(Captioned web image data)
□ □ □

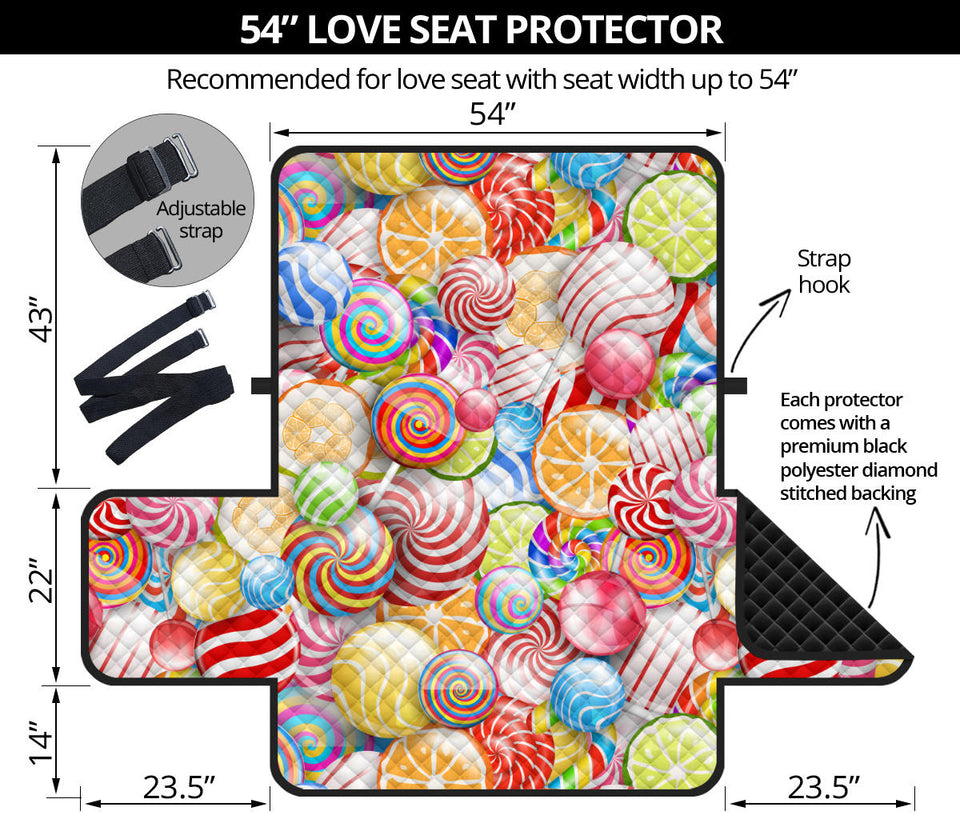 Candy Lollipop Pattern Loveseat Couch Cover Protector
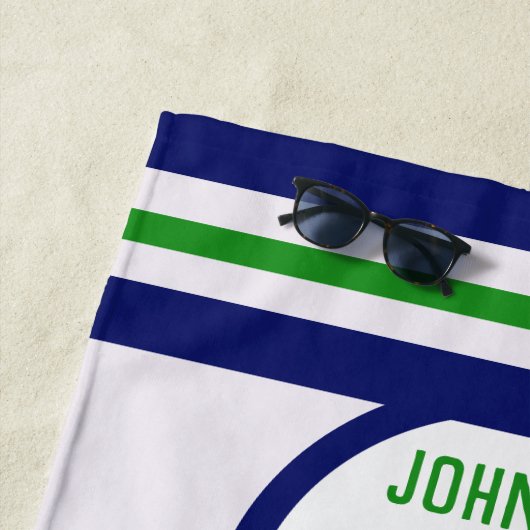 家族休暇のビーチタオル-緑青 ビーチタオル (インサイチュ)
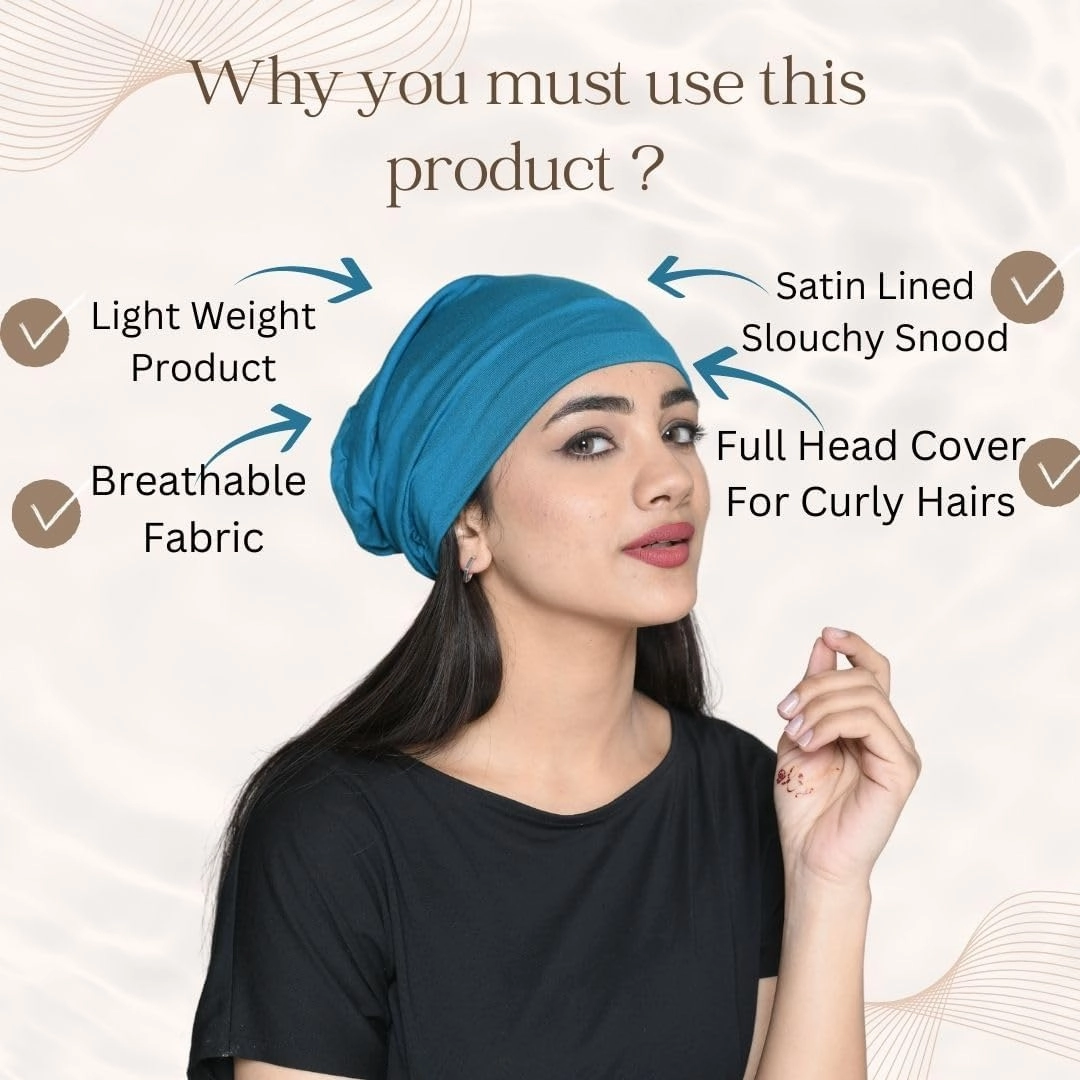 Slouchy Satin Lined Women Bamboo Beanie Headwear for Curly and Frizzy Hair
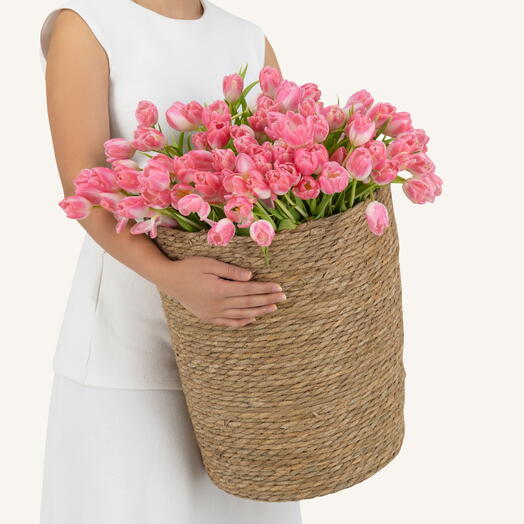 150 Pink Tulip Basket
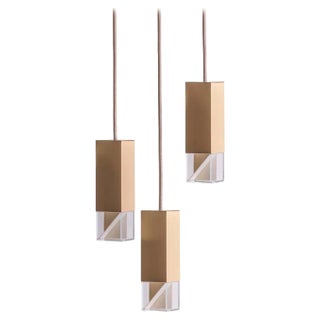 Lamp One Trio Chandelier in Brass by Formaminima For Sale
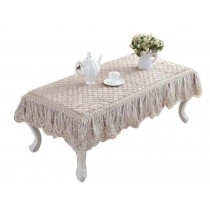European Style Velvet Table Cover Coffee Dustproof Lace Tablecloth, Champagne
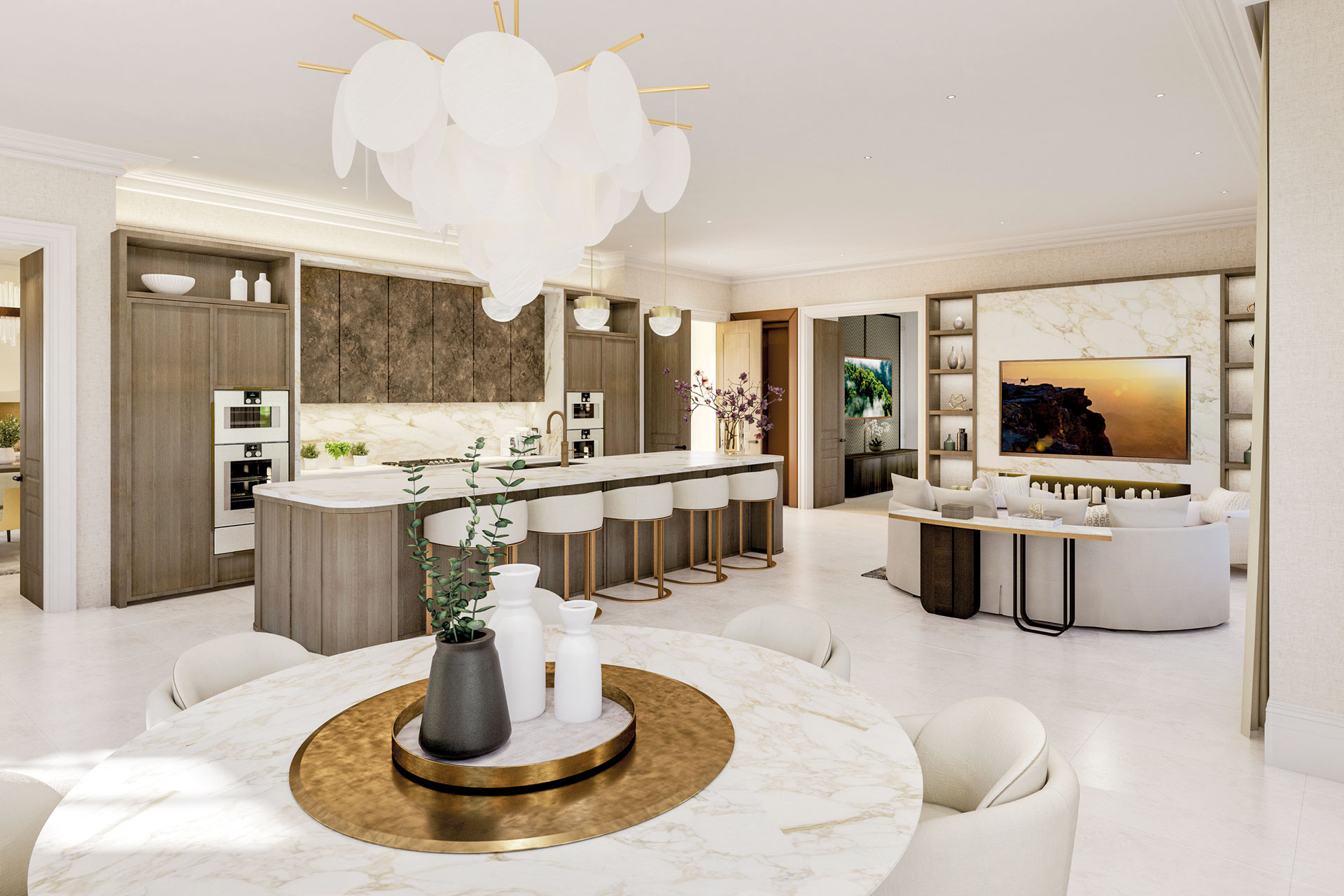 A white kitchen and living area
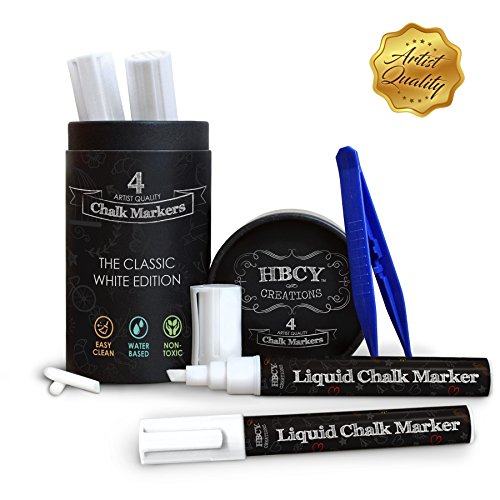 HBCY Creations Liquid Chalk Markers Set - 4 White Non-Toxic Erasab...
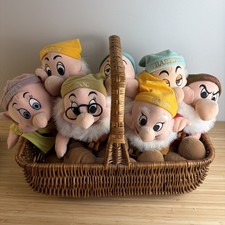 Disney Store Snow White  Seven Dwarfs 12" Plush Dolls Vintage Set 7 Dwarves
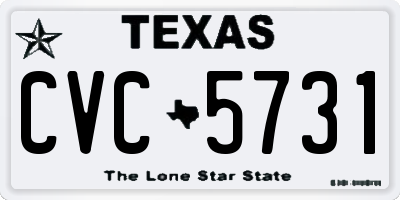 TX license plate CVC5731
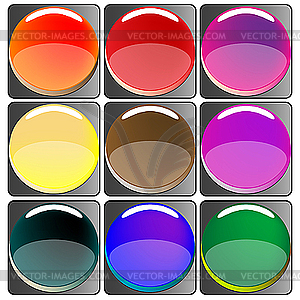 Glossy colored web buttons collection - color vector clipart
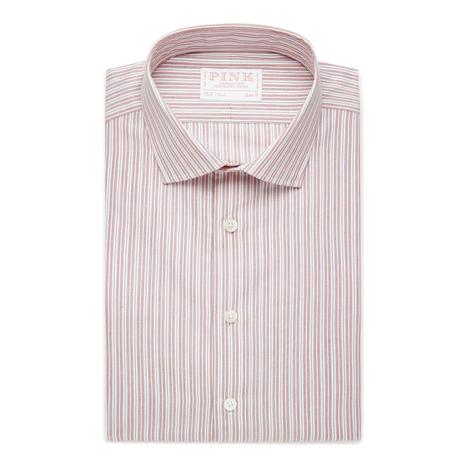 Thomas Pink Slim Fit Dobby Stripe Shirt - Premium Cotton Formal Wear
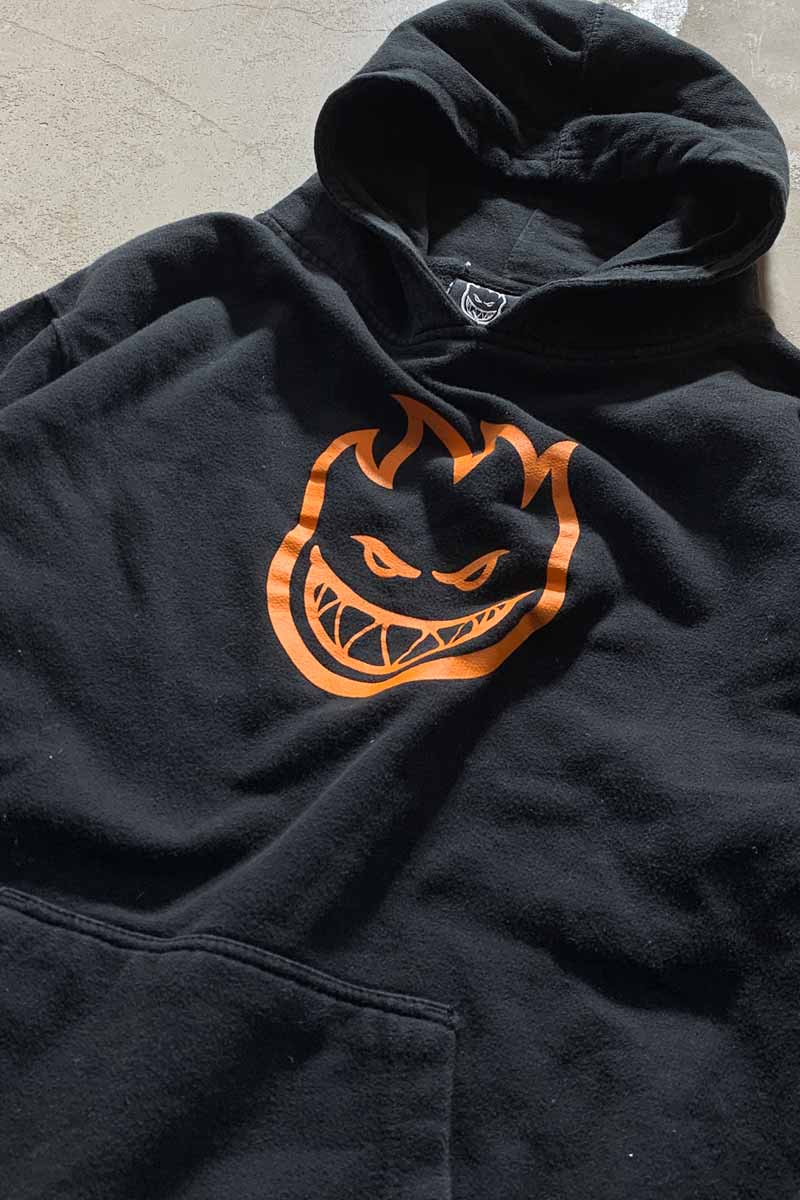 LOGO PRINT SWEAT HOODIE / BLACK [SIZE: XL USED]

□ □ □

REQUIRED WORK >> Above are the records; print them all exactly and keep the pictures out.

WRITTEN SOLUTION >>
 Candy Lollipop Pattern Loveseat Couch Cover Protector
 家族休暇のビーチタオル-緑青 ビーチタオル (インサイチュ)
 Slouchy Satin Lined Women Bamboo Beanie Headwear for Curly and Frizzy Hair
 150 Pink Tulip Basket
 Lamp One Trio Chandelier in Brass by Formaminima For Sale
European Style Velvet Table Cover Coffee Dustproof Lace Tablecloth, Champagne
 A white kitchen and living area
 HBCY Creations Liquid Chalk Markers Set - 4 White Non-Toxic Erasab...
 Disney Store Snow White  Seven Dwarfs 12" Plush Dolls Vintage Set 7 Dwarves
 TX license plate CVC5731
 Glossy colored web buttons collection - color vector clipart
 Thomas Pink Slim Fit Dobby Stripe Shirt - Premium Cotton Formal Wear
 LOGO PRINT SWEAT HOODIE / BLACK [SIZE: XL USED]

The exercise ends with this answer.